# My first Bacon Effort



## chuck2u (Sep 26, 2011)

A week ago I purchased 5# of fresh pork belly and cured it for a week using Tender Quick and slathered it in a third of a cup of maple syrup.  I cold-smoked it with maple wood chips for the first three hours of 8 hours in the smoker at 140 degrees until I had an internal temperature of 120 degrees.  I was very happy with the results!  Next week: Canadian Bacon


----------



## SmokinAl (Sep 27, 2011)

Nice job on your first try!


----------



## tjohnson (Sep 27, 2011)

Looks GREAT!

Better make more, cuz you'll run out quick!

TJ


----------



## Bearcarver (Sep 27, 2011)

Looks Awesome!!!

Beautiful Color!!!

That's very much like I do mine, but I make a little more---You'll be making more real soon---Probably within the week!  LOL

Bear


----------



## africanmeat (Sep 27, 2011)

looks good to me


----------



## boykjo (Sep 27, 2011)

nice job.........................
	

	
	
		
		



		
		
	


	





joe


----------



## teeznuts (Sep 27, 2011)

Congrats on your first belly! The guys are right, once you start, You can't stop. The bacon addiction is hard to shake.


----------



## roller (Sep 27, 2011)

Looks great nice color...better than mine...


----------



## fpnmf (Sep 27, 2011)

Looking good!!

  Craig


----------



## realtorterry (Sep 27, 2011)

Tenderquick? I thought it had to be cure#1? Shows how much I know? What ratio did you use?


----------



## chuck2u (Oct 4, 2011)

The package or Morton Tender Quick calls for 1 tablespoon per pound of meat.  My bacon turned out to be just a tiny bit too salty for my palate so I'm going to let it sit in water for 30 minutes before smoking the next time.  I started a loin four days ago and will smoke it this coming Saturday to make my first Canadian bacon.  I won't soak it in water after the cure because I want to see if the salt intake is the same as belly before acting on an assumption.

Chuck


----------



## casmurf (Oct 4, 2011)

I have found for me when making BBB or Canadian bacon 1tablespoon Tender Quick per pound followed by 1tablespoon brown sugar works best.
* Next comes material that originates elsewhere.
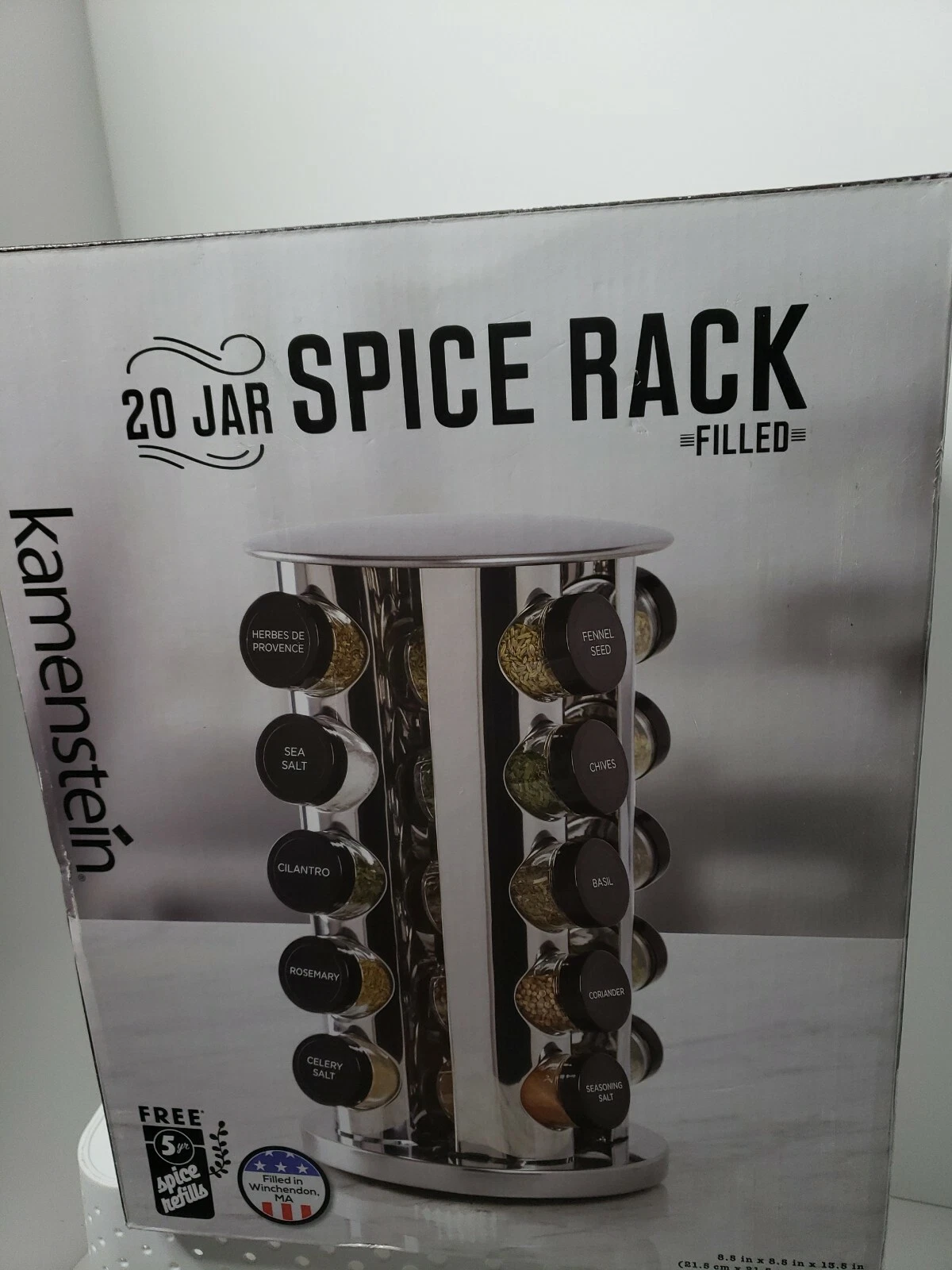 Kamenstein 30020 Revolving 20-Jar Countertop Spice Rack Tower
I soak for half hour then fry test. I always do a fry test before  smoking I had a few rough (salty) ones when I first started home curing. But as with all hobbies I got better with practice. I got a butt curing as we speak, will be smoking sometime next week I will try to get some pics.

Jerry


----------



## Bearcarver (Oct 4, 2011)

casmurf said:


> I have found for me when making BBB or Canadian bacon 1tablespoon Tender Quick per pound followed by 1tablespoon brown sugar works best. I soak for half hour then fry test. I always do a fry test before  smoking I had a few rough (salty) ones when I first started home curing. But as with all hobbies I got better with practice. I got a butt curing as we speak, will be smoking sometime next week I will try to get some pics.
> 
> Jerry


That is my method too Jerry. And it works great for me. Never had one cured with TQ become too salty that way. I do the belly bacon the same way, with the same result. I still do the fry test every time, just in case, because once you smoke it, it's too late.

Bear


----------